Forum Bugs

Bangla text is messed up in Firefox 33.1.1

Initiator
Hi Mike,

I've come across an interesting issue in Firefox 33.1.1

I generated a PDF using an alpha build of PrinceXML (http://www.princexml.com/download/prince_20140909-1_ubuntu14.04_amd64.deb)

The PDF looks fine when I download it or view it inline within Firefox.

But when I upload the generated PDF via WordPress and view it again within Firefox, I notice the text is messed up, as indicated in the screenshot.

What could be going wrong?
  1. ebook-fire fox.jpg161.8 kB
    Firefox Bangla letter rendering
mikeday
If you download the file again from WordPress, has it changed at all? Does it look correct in other PDF viewers?
Initiator
If I download the file from WordPress and view it in Adobe Acrobat Reader or the latest IE and Chrome's inbuilt PDF viewers, it looks perfect.

Only in Firefox 33.1.1 on Windows 8 there is a problem.

I am attaching part of the text that is resulting in the problem, which I saved in Notepad with ANSI encoding.

Do you think the problem crept in while the text was copy-pasted between various editors, for instance Notepad to MS Word and then into WordPress' post editor?
  1. problematicText.txt0.8 kB
    Problematic text
mikeday
I'm not sure, but once it is converted to PDF it really shouldn't matter, so this seems like a bug in Firefox pdf.js.
Initiator
Another interesting thing is that this problem doesn't happen with other text. So I am suspecting the "journey" taken by the text might have something to do with this problem, like saving in MS Word in a certain format, then moving to Notepad, and so on. I guess the best workaround would be to ascertain which "journey" works and stick to it.
mikeday
Yes. If you would like us to take a look at it, please attach a small HTML document that replicates the problem.
Initiator
I am attaching a sample HTML file.

Steps to replicate:
1) Generate PDF from sample file using PrinceXML.
2) Upload the generated PDF to WordPress site.
3) View the uploaded PDF in Firefox 33.1.1 (Windows 8 ) PDF Viewer.
4) Notice the garbled text as indicated in the first post of this thread.
  1. BanglaText.html20.5 kB
    Bangla Text in Firefox

Edited by Initiator

mikeday
We need to eliminate step 2. If you download it from WordPress and save it locally, has the file changed?
Initiator
If I download it from WordPress and save it locally, the text looks perfect in Adobe Acrobat Reader.
mikeday
Yes, but what about in Firefox? You can open local PDF files in Firefox too.
Initiator
I don't have access to the problematic machine at the moment.

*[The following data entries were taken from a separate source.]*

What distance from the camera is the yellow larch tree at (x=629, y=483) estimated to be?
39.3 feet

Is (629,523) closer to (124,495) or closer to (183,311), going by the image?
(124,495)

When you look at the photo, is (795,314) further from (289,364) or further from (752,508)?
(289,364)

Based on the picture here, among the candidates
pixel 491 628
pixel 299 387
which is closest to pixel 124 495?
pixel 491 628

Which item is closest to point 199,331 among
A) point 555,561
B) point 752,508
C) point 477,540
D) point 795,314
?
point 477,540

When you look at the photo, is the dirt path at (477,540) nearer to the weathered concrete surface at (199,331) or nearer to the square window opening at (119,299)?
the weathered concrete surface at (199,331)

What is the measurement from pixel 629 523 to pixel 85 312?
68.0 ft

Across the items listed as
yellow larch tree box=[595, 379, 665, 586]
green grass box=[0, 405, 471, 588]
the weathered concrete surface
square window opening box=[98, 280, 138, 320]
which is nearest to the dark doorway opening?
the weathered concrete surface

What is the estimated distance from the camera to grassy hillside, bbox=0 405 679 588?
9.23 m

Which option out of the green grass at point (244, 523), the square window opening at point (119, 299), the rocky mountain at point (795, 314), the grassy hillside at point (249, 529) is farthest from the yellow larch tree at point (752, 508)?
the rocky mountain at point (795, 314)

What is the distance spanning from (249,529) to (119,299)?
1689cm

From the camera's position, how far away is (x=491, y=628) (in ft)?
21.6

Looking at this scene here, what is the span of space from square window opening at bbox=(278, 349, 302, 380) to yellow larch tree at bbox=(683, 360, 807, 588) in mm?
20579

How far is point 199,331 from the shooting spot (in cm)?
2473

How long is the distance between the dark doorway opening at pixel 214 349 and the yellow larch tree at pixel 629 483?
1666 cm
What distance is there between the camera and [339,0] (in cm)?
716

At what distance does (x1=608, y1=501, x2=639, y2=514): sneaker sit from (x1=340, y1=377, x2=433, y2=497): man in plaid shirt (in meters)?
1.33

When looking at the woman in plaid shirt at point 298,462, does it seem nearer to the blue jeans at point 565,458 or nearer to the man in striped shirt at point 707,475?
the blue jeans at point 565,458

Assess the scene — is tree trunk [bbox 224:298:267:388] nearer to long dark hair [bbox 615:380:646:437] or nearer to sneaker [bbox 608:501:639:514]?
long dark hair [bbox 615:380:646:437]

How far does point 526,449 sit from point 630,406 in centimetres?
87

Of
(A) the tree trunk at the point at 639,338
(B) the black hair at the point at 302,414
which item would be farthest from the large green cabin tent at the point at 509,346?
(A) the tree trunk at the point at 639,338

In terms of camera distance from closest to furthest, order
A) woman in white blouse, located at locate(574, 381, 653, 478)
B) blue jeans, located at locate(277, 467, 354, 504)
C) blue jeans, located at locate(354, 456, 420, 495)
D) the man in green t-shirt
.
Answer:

I'll update this thread as soon as I do.
Initiator
Mike, I have confirmed that local PDF files in Firefox look garbled, like that screenshot.
mikeday
Can you attach one of the garbled PDF files, just to make sure I am testing the same file?
Initiator
Here's the file!
  1. The_FIrst_Step_PDF.pdf304.6 kB
    First Step

Edited by Initiator

mikeday
This PDF file has been modified by "Adobe PDF Library 11.0".
Initiator
Mike, you have my apologies. I have now uploaded the correct PDF. The earlier one was generated by PrinceXML and modified. Both have the issue.

Edited by Initiator

mikeday
Thanks, I can replicate the issue with Firefox 34 on Linux.

Can you also attach the HTML input featuring the exact text used to create this PDF? (Or at least one paragraph from it).
Initiator
The HTML file is here: http://www.princexml.com/forum/post/13492/attachment/BanglaText.html

I'd attached it in an earlier post here.
mikeday
Thanks. Some how when I convert it, although I get the same text, there is no problem in Firefox. I'm wondering if some of the CSS is causing the problem, as I don't have access to the style sheets. Are you applying the prince-text-replace property at all?

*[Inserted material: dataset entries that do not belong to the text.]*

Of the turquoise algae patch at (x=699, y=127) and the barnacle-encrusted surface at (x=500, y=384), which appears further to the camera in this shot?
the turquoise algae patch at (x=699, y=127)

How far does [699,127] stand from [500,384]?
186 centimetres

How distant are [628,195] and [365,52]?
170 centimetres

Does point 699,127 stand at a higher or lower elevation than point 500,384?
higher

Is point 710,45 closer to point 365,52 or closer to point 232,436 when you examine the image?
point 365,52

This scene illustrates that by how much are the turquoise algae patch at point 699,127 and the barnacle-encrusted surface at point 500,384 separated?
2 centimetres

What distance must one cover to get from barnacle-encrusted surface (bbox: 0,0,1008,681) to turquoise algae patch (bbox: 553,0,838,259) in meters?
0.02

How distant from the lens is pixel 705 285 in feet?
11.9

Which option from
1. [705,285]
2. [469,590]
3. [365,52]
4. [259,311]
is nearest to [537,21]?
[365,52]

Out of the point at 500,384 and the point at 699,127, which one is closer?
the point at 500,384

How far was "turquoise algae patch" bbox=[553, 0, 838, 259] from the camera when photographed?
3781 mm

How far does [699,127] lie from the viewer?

I've attached a very simple test document that just has a small bit of text using the AdorshoLipi font. This does not cause any problems for me when I view the PDF in Firefox, does it work for you?
  1. new.html0.1 kB
Initiator
I am using this in Prince:
<style>
*{prince-text-replace:\'\200c\' \'\200b\' \'\200d\' \'\200b\'}
</style>


I will test with the sample text you've attached and let you know my findings.
mikeday
Right, none of those characters are in the sample text, so it might not be related.

By the way, why are the single quotes escaped? It should be:
prince-text-replace '\200c' '\200b' '\200d' '\200b'

That will replace U+200C and U+200D with U+200B.
Initiator
The single quotes are escaped because I had written this within PHP tags, and forgot to remove them here :)

By the way, I've filed a bug with Mozilla for the PDF rendering issue:

https://bugzilla.mozilla.org/show_bug.cgi?id=1108301



Edited by Initiator

mikeday
Great, it looks like they will be able to fix the issue.